Here and Now
DPT
Citation:   Pyrotica. "Here and Now: An Experience with DPT (exp61818)". Erowid.org. Apr 2, 2007. erowid.org/exp/61818

 
DOSE:
30 mg smoked DPT (powder / crystals)
BODY WEIGHT: 190 lb
For months I had been without psychedelic experience. In fact, in the previous year, there have been only a few. The acid was long since gone. It has been hard even to find mushrooms lately. Then I remembered the DPT on the shelf, next to the DMT and 2C-B that were too sacred to use until the perfect time. The DPT was there only because I didn't know what else to do with it. About eight years ago I obtained some DPT from a supply house, and experimented with it. It was freebase, I assumed, because the label didn't say DPT HCl, just DPT. My friends and I smoked it and tripped and generally had a good time. I ordered more when it ran out, but all I could get was DPT HCl at that time. So that came and I had heard that you couldn't smoke it so I tried snorting it, but vowed never to do it again because the drip burned the back of my throat so badly. Then I tried injecting it IM, and that was so intense I only did it once. I put 200mg each into a bunch of caps and gave it to some friends to eat. They had a mellow but fun experience. So I had 200 mg left that I didn't know what to do with. It sat there for years.

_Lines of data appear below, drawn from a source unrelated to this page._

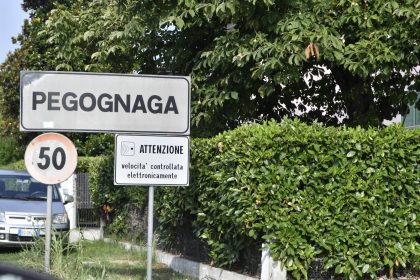 Ok della Giunta allo Schema di accordo per l'Area Interna Oltrepò Mantovano di cui fa parte Pegognaga e il suo sviluppo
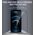 X-One Szkło hartowane X-ONE Sapphire Glass Extra Hard - do iPhone 11 Pro 11467071 5903396118050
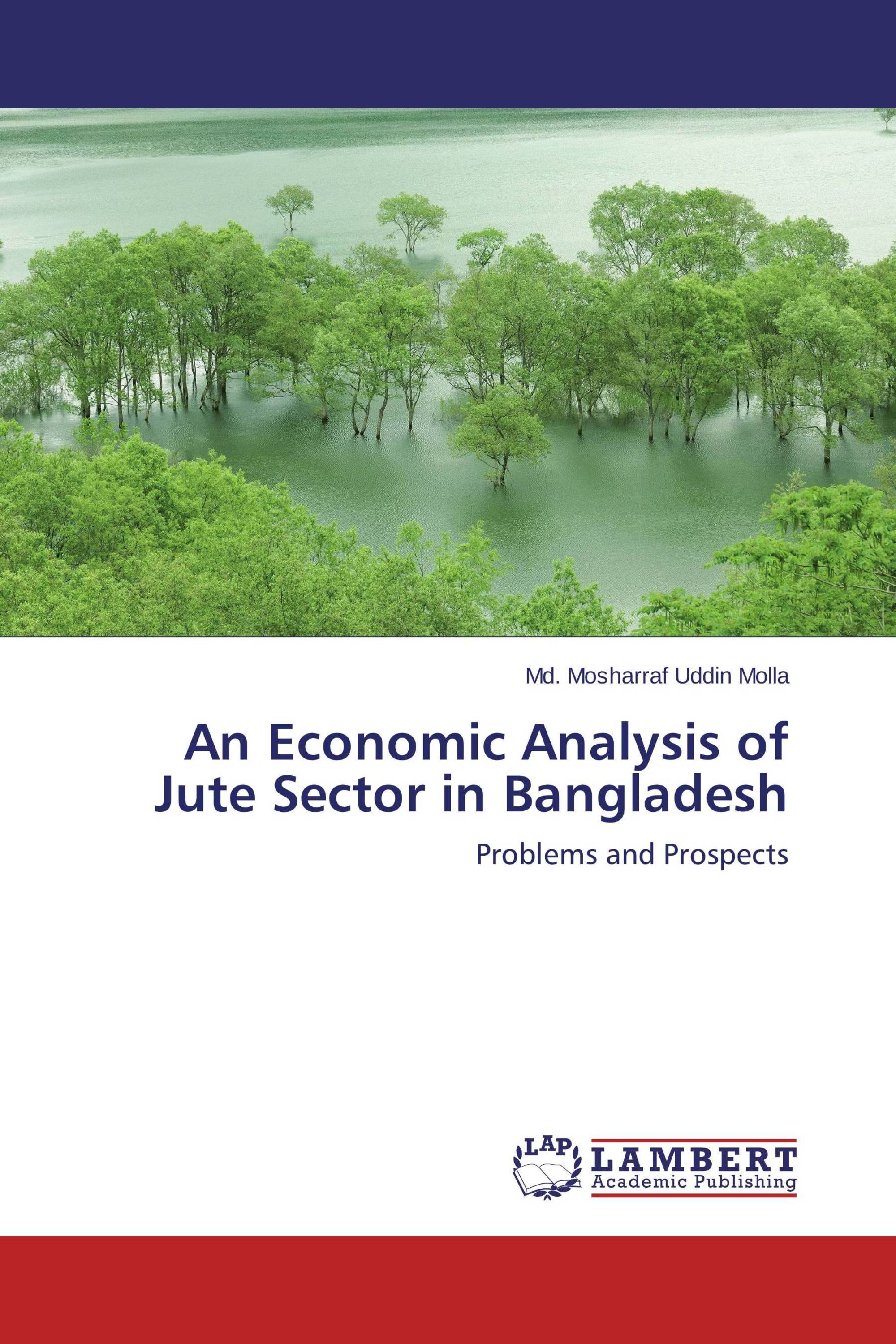 problems and prospects of mis in bangladesh essay World review of business research vol 2 no 2 march 2012 pp 16 - 31 corporate governance-its problems & prospects in banking industry in bangladesh. problems and prospects of mis in bangladesh essay World review of business research vol 2 no 2 march 2012 pp 16 - 31 corporate governance-its problems & prospects in banking industry in bangladesh.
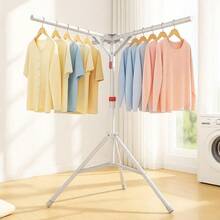 Drying Rack - SO - View 4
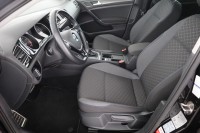 VW Golf VII Variant 1.0 TSI DSG Join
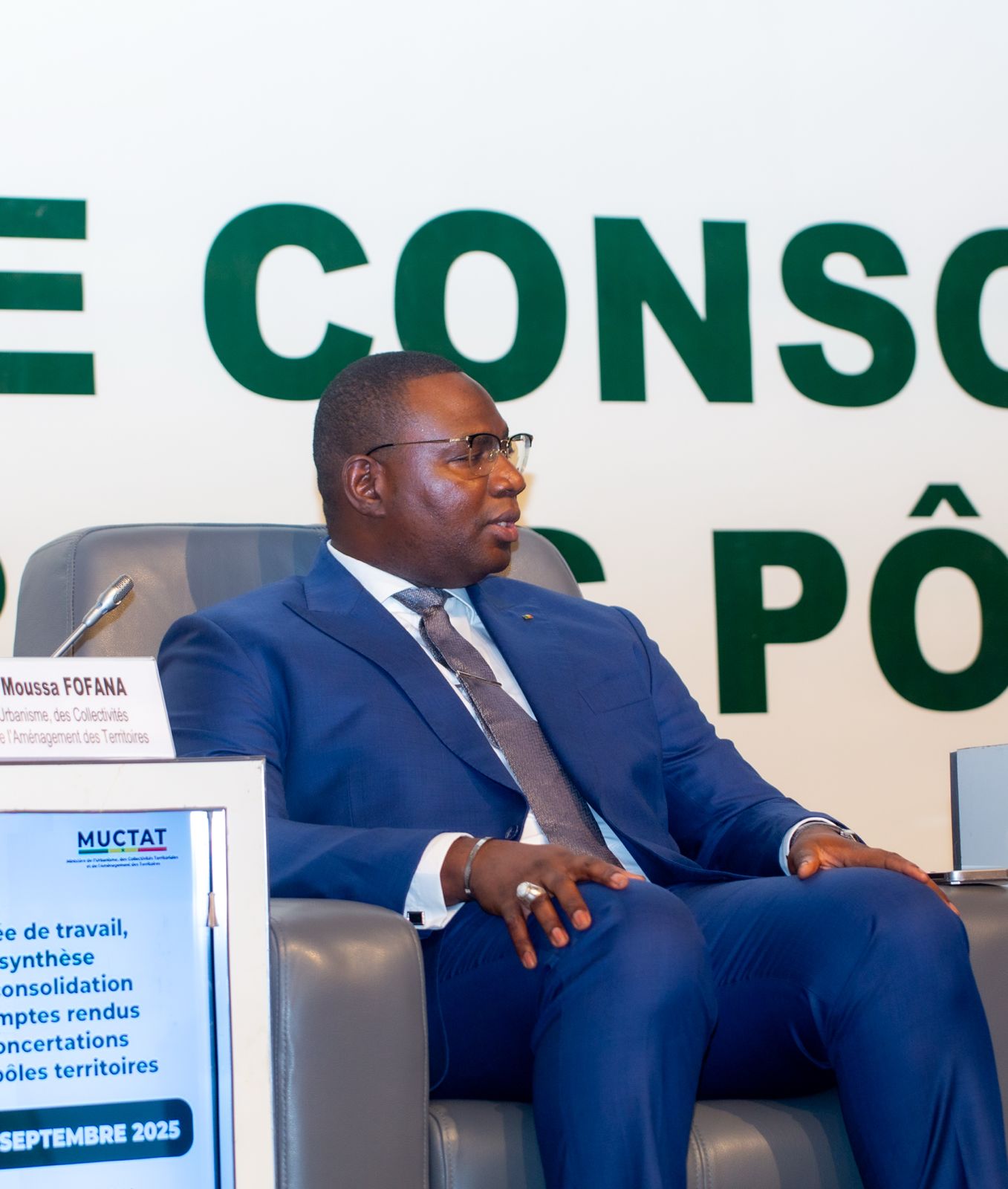 a9b3ba1e 40c9 470a b25c e5f1e8965cc6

The other day I brought it out, blew the dust off. It had turned sort of a tan color from the white that it used to be. Because I heard that it oxidizes over time, I had no faith that it would work in any sort of form whatsoever. I thought about it. Then on a whim I put a little bit into a glass pipe and heated the glass with a flame. It melted immediately! I watched, and the oil did not resolidify. I vaporized a small amount and inhaled it, and waited for something to happen. My legs began to feel restless: an unmistakable alert! It's going to work! Whether the HCl salt is actually smokable, or whether I in fact had the freebase, I do not know. What I do know is that it worked, it is still potent even after sitting there for seven years! I put it away for the time being.

Today I brought it out again. I set everything up for an escape. I had the music all cued up and the headphones adjusted just right. I had the blankets smoothed out. My body was clean and naked. Yet as I loaded the DPT into the pipe, I hesitated. Was this really what I wanted?

What I really wanted is to escape from alcohol. I did not want to consume any today. Nor tomorrow. Nor the next day. It has become painfully obvious what a negative force in my life alcohol has become, and yet I have found it difficult to let go of. Perhaps if I plunged into DPT space, I would not feel the urge to drink tonight. Perhaps if I went in there, there would be some answer waiting for me that I had been searching for.

Fuck it, I thought. I held the lighter flame to the glass and watched the 100mg I had put in there melt. Soon, vapor appeared in the pipe, and I put my lips to it and inhaled long and slow. The vapor from DPT is not harsh like DMT, it doesn't seem to burn your lungs. It just tastes warm and sweet and makes your tongue go kind of numb. I took all my lungs could hold (maybe 30 mg vaporized?). Unlike DMT, DPT does not start to come on as you are still inhaling. It waits until you've held your hit for a while. I held it as long as I could, and as I did so the walls very gently began to breathe, the texture on the ceiling began to crawl. I exhaled, and my breath was full of vapor. I had planned to take another hit, but then I found myself just staring at the pipe. I didn't want to take another hit, but I didn't not want to either. I just felt very peaceful and content to sit there and stare at it instead of smoking it.. Well, I'd better set the pipe down, then.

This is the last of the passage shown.